Now we have one of two things: a statement that can be
metalinguistically proven to be linguistically unprovable, and thus
recognized as a theorem conveying valuable information about the
limitations of the object language, or a statement that cannot be
metalinguistically proven to be linguistically unprovable,
which, though uninformative, is at least no paradox.
Voilà: self-reference without paradox!
It turns out that "this formula is unprovable" can
be translated into a generic example of an undecidable mathematical
truth. Because the
associated reasoning involves a metalanguage of mathematics, it is
called “metamathematical”.
It
would be bad enough if undecidability were the only thing
inaccessible to the scientific and axiomatic methods together. But
the problem does not end there.
As we noted above, mathematical truth is only one of the
things that the scientific method cannot touch.
The others include not only rare and unpredictable phenomena
that cannot be easily captured by microscopes, telescopes and other
scientific instruments, but things that are too large or too small
to be captured, like the whole universe and the tiniest of subatomic
particles; things that are “too universal” and therefore
indiscernable, like the homogeneous medium of which reality
consists; and things that are “too subjective”, like human
consciousness, human emotions, and so-called “pure qualities” or
qualia. Because
mathematics has thus far offered no means of compensating for these
scientific blind spots, they continue to mark holes in our picture
of scientific and mathematical reality.
But
mathematics has its own problems.
Whereas science suffers from the problems just described –
those of indiscernability and induction, nonreplicability and
subjectivity - mathematics suffers from undecidability.
It therefore seems natural to ask whether there might be any
other inherent weaknesses in the combined methodology of math and
science. There are
indeed. Known as the Lowenheim-Skolem
theorem and the Duhem-Quine thesis, they are the
respective stock-in-trade of disciplines called model theory and
the philosophy of science (like any parent, philosophy always
gets the last word). These
weaknesses have to do with ambiguity…with the difficulty of
telling whether a given theory applies to one thing or another, or
whether one theory is “truer” than another with respect to what
both theories purport to describe.
But
before giving an account of Lowenheim-Skolem and Duhem-Quine, we
need a brief introduction to model theory.
Model theory is part of the logic of “formalized
theories”, a branch of mathematics dealing rather
self-referentially with the structure and interpretation of theories
that have been couched in the symbolic notation of mathematical
logic…that is, in the kind of mind-numbing chicken-scratches that
everyone but a mathematician loves to hate.
Since any worthwhile theory can be formalized, model theory
is a sine qua non of meaningful theorization.
Let’s
make this short and punchy. We start with propositional
logic, which consists of nothing but tautological, always-true
relationships among sentences represented by single variables.

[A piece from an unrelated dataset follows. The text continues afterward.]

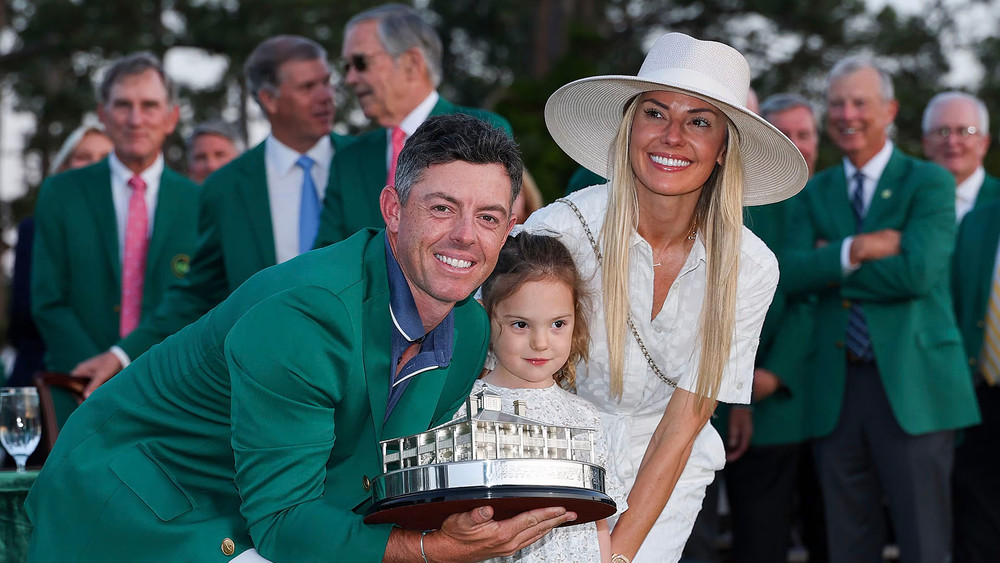 Rory McIlroy cùng vợ và con gái ăn mừng với Cúp vô địch The Masters 2025. (Ảnh: PGA Tour)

Then we move to predicate logic, which considers the
content of these sentential variables…what the sentences actually
say. In general, these
sentences use symbols called quantifiers to assign attributes
to variables semantically representing mathematical or real-world
objects. Such
assignments are called “predicates”.
Next, we consider theories, which are complex
predicates that break down into systems of related predicates; the universes
of theories, which are the mathematical or real-world systems
described by the theories; and the descriptive correspondences
themselves, which are called interpretations.
A model of a theory is any interpretation under which
all of the theory’s statements are true.
If we refer to a theory as an object language and to
its referent as an object universe, the intervening model can
only be described and validated in a metalanguage of the
language-universe complex.
Though
formulated in the mathematical and scientific realms respectively,
Lowenheim-Skolem and Duhem-Quine can be thought of as opposite sides
of the same model-theoretic coin.
Lowenheim-Skolem says that a theory cannot in general
distinguish between two different models; for example, any true
theory about the numeric relationship of points on a continuous line
segment can also be interpreted as a theory of the integers
(counting numbers). On
the other hand, Duhem-Quine says that two theories cannot in general
be distinguished on the basis of any observation statement regarding
the universe.
Just
to get a rudimentary feel for the subject, let’s take a closer
look at the Duhem-Quine Thesis.
Observation statements, the raw data of science, are
statements that can be proven true or false by observation or
experiment. But
observation is not independent of theory; an observation is always
interpreted in some theoretical context. So an experiment in physics
is not merely an observation, but the interpretation of an
observation. This leads
to the Duhem Thesis, which states that scientific
observations and experiments cannot invalidate isolated hypotheses,
but only whole sets of theoretical statements at once.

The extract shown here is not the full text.